Bütün hayatı elimizde tek valizle yaptığımız bir yolculuk olarak düşünürsek, sanırım ergenliğin kapıyı çalıp “Merhaba!” dediği noktada, hiç kimsenin “ergenliği pas geçelim lütfen!” deme şansı olmadığını göz önünde bulundurmak gerek. Ergenlik kapıyı çalıp koluna giriyor ve “valize neler koymalıyım söylesenize, buna ne gerek var, bana yanıma ne almam gerektiğini söylemeyin ben çocuk muyum, ben nereye gidiyorum, neden oraya gidiyorum?” gibi karışık soruları beraberinde getiriyor. Bu sorularla kim olduğunu, kim olmak istediğini düşünmek, yetişkin rolü ile tanışmak, geleceğe yönelik hedef ve beklentileri düşünmek, geleceğe yönelik önemli seçimler yapmak, artık çocukluğa veda ediyor olmak, yani ergenliğin “hadi gidelim, hadi valize bakalım” ısrarları ile valizi yere döküp içine bakmak ve düzenlemek zaman ve alan isteyen konular. Bütün bu sorular, kararsızlıklar, birey olma çabası içindeyken, bir de lise, üniversite sınav ve mezuniyet süreçlerinde gerilim ve çatışmalar daha belirgin hale gelebiliyor. Tam da bu zamanlar, bir ebeveynin, çocuğunun o zorlayıcı, sıkıntılı durumun içinden bir an önce en iyi şekilde çıktığını görmek istemesi anlaşılır. Örneğin, üniversite sınavından çıkmış ve tercih yapan bir genç tüm yazının en somut hali olabilir. Elinde bir sınav sonucu ve gelecekte ne yapmak istediğine dair yapması gereken bir liste var.

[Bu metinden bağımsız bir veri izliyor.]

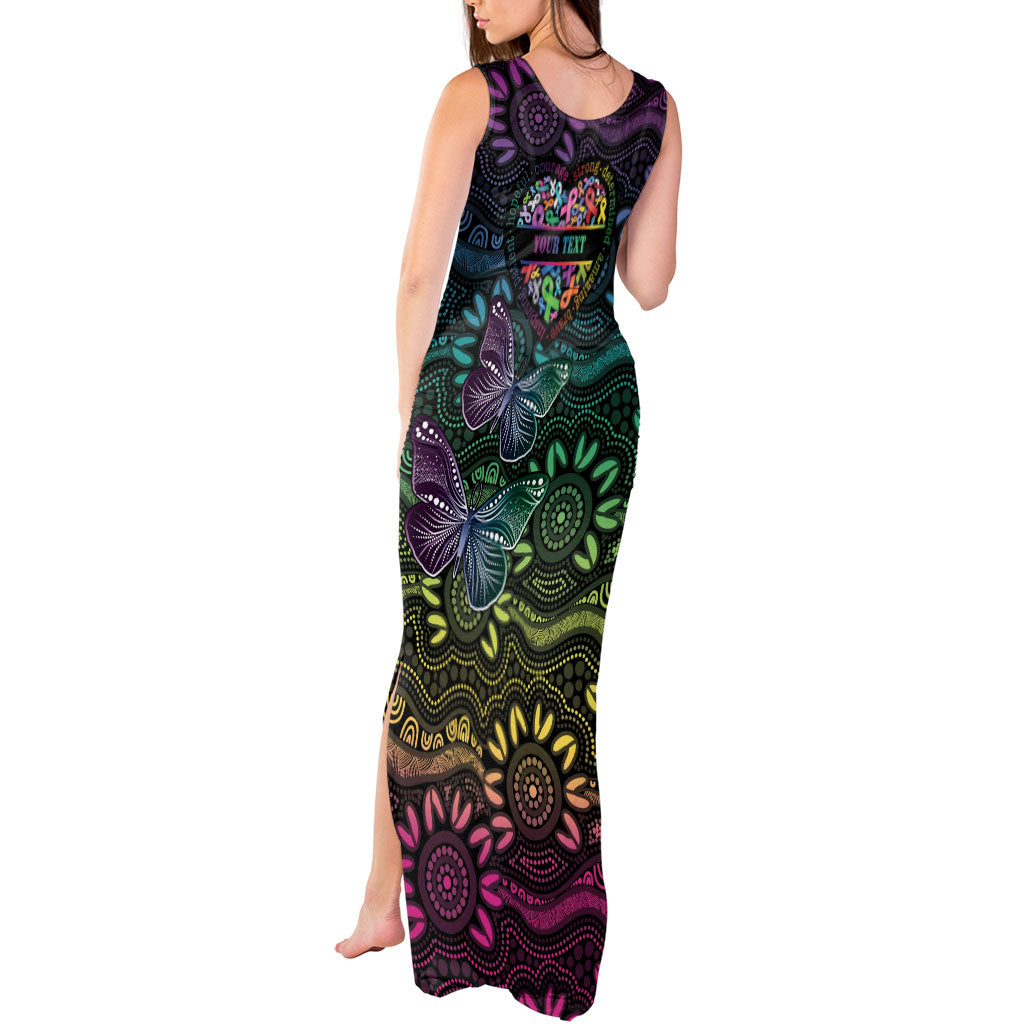 Australia Cancer Survivor Personalised Tank Maxi Dress I’m A Survivor Ribbon Heart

Ailesinin belki çocuklarının iyi bir meslek edinmesini istemesi, belki bir hayali gerçekleştirmesini beklemesi ile “Hukuk yaz, bak avukat olursun sana çok uygun” diyebilir. Belki ayakları üstünde durmayı öğrensin düşüncesiyle “Bu kararı tamamen kendin vermelisin ve bu yolda her adımı tek başına yerine getirmelisin. Onu da bana soracak değilsin” diyebilir.

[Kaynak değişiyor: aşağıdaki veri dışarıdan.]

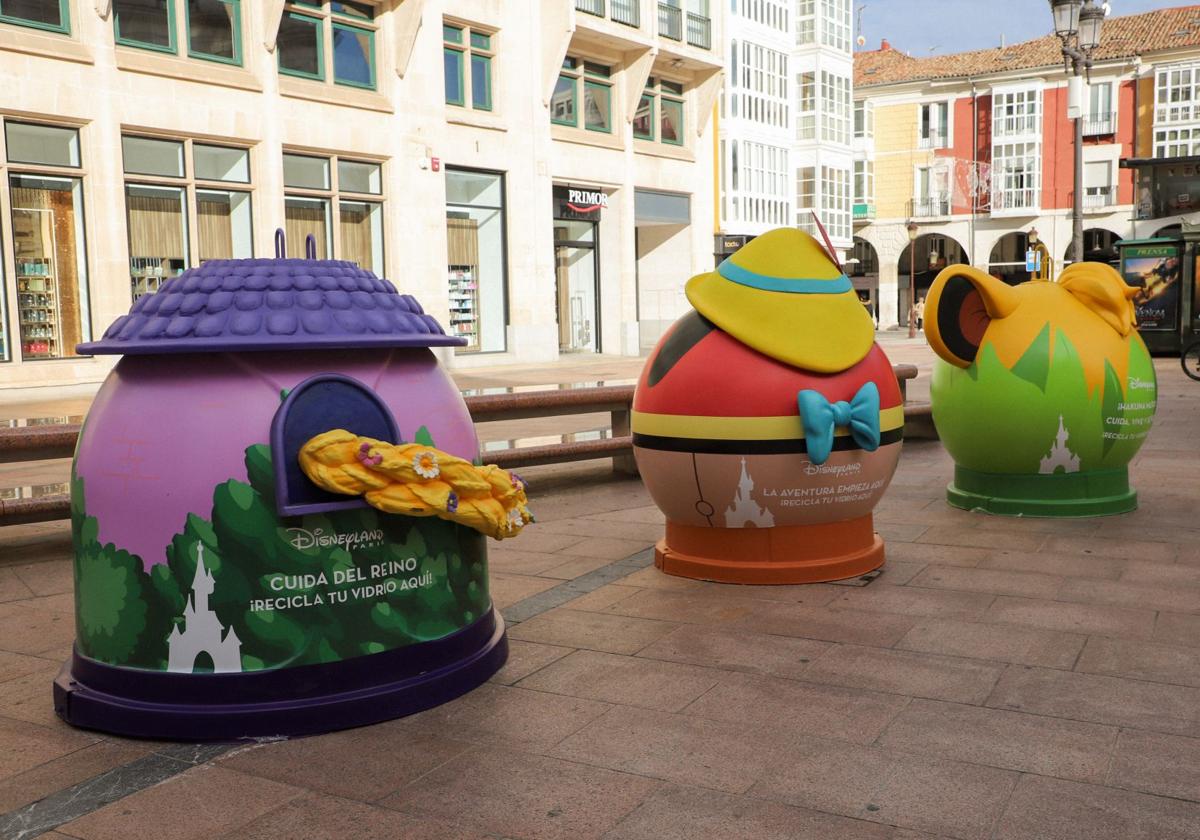 Contenedores de Disneyland París decorando el centro de Burgos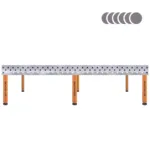Spartus [Outlet] Hermes 3D 3000 x 1500 x 200 [6 nóg ze stopami L=620], zdjęcie 2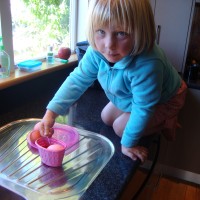 Easter egg in the dye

Aslında çocuğunun hayatında olan biten pek çok şeyi denetlemenin, kontrol altında tutmanın ve/veya alacağı kararları ve doğuracağı sonuçları tamamen çocuğuna bırakmanın ergen için olduğu kadar ebeveyn için de zorlayıcı olduğunu söyleyebiliriz. Tüm kontrolü ele almak ebeveyn için kararları hızla gözden geçiren genci takip etmek adına yorucu olabilir. Aynı zamanda ergenlik dönemindeki genci kendi ayakları üzerinde durmaktan, deneyip yanılmaktan ve kendisi için doğru olanı keşfetmekten uzaklaştırabilir. Hali hazırda pek çok arayışı, sorusu olan gencin destek almaya ya da danışmaya ihtiyacı olduğunda ebeveynin tamamen geri çekilmesi, bir mesafe yaratıp ebeveyne ulaşmayı zorlaştırabilir. Oysa ebeveynler çocuğunun kendisine bağımlı olmasını da tökezlediğinde desteksiz kalmasını da istemez. Ne siyah ne beyaz, gri alanda dolaşmak, hem yardım istemeye fırsat verip hem de bazı zorlayıcı yaşam olaylarının, problemlerin altından kalkabildiğini, önemli kararları alabildiğini görmek bir ebeveyn için de önemli bir deneyim olacaktır. Yani üniversite tercihi anına gelindiğinde “Bu senin yolun, senin kararın. Biz seni destekliyor olacağız, eğer yardıma, fikir almaya ihtiyacın olursa ben buralardayım” diyebilir.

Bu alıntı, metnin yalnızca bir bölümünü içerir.